A.A.: Myślę, że taka sytuacja wynika z tego, że nie ma jeszcze w Polsce instytucji, która by tym tematem zajęła się na poważnie. Współpraca między rolnikami działającymi w RWS a instytucjami zwiększyłaby możliwości dotarcia do większej ilości odbiorców, np.: w biurowcach czy uczelniach.
M.G.: Czy chciałaby Pani coś przekazać naszym czytelnikom, być może zainteresowanym ideą rolnictwa wspieranego przez społeczność?

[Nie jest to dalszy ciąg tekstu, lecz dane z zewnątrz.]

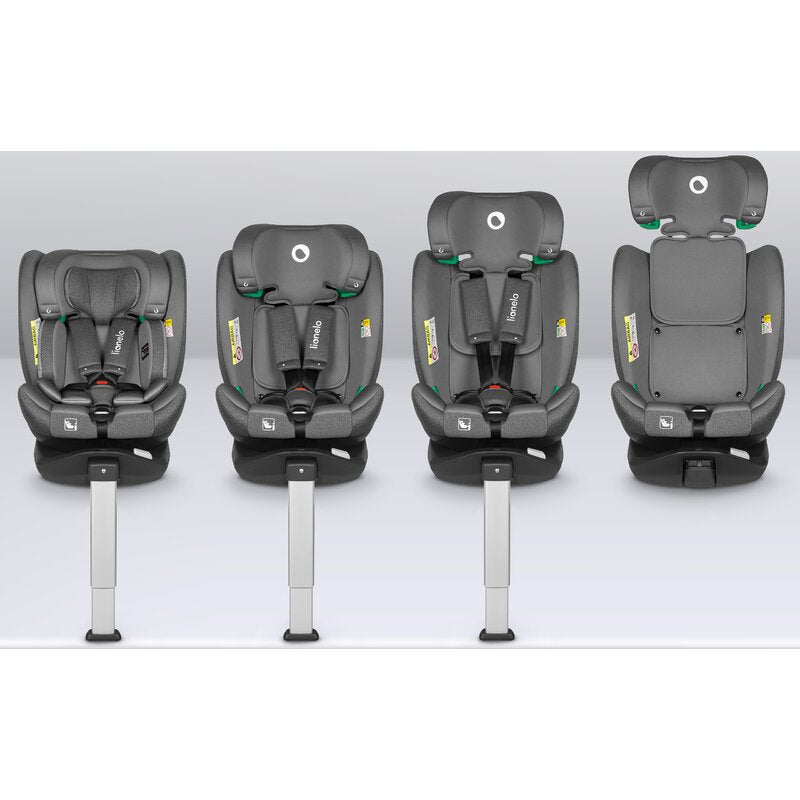 Scaun auto, Lionelo, i-Size Braam, 0-36 Kg, 40-150 cm, Cu isofix si picior de fixare, Protectie laterala, Rotire 360 grade, Ajustare spatar in 5 pozitii, Tetiera reglabila in 14 trepte, Conform cu standardul european de securitate R129, Gri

A.A.: Cóż, chyba jedynie to, żeby się nie bali rozpoczęcia takiej działalności, ponieważ mogą liczyć na pomoc ze strony koordynatora oraz innych RWS-owiczów we wszystkich aspektach. Początki mogą być trudne, ale nie należy się tym zniechęcać, tylko dążyć do realizacji zamierzonych celów. Do dalszego działania napędza nas świadomość tego, że warzywa, które uprawiamy są przyjazne środowisku i ludziom.
M.G.: Bardzo dziękuję za rozmowę i chciałabym powiedzieć, że jestem pod wrażeniem Państwa zaangażowania i ogromu pracy, jaki wkładacie w prowadzenie gospodarstwa. Mogę tylko pozazdrościć tym, którzy co tydzień odbierają tak wspaniałe i świeże warzywa.
RWS-y mogą być odpowiedzią na znikające, małe gospodarstwa rodzinne (konwencjonalne lub ekologiczne), które były zawsze rezerwuarem bioróżnorodności, biorąc pod uwagę wielość gatunków roślin i zwierząt. Ze względu na to, że zwiększa się świadomość konsumentów, co do pochodzenia i sposobu wytwarzania żywności, Rolnictwo Wspierane przez Społeczność ma szansę zaistnieć. Potrzeba tylko lub aż determinacji i zaangażowania, by rozpowszechniać tę ideę wśród mieszkańców miast i wsi – potencjalnych uczestników grupy RWS.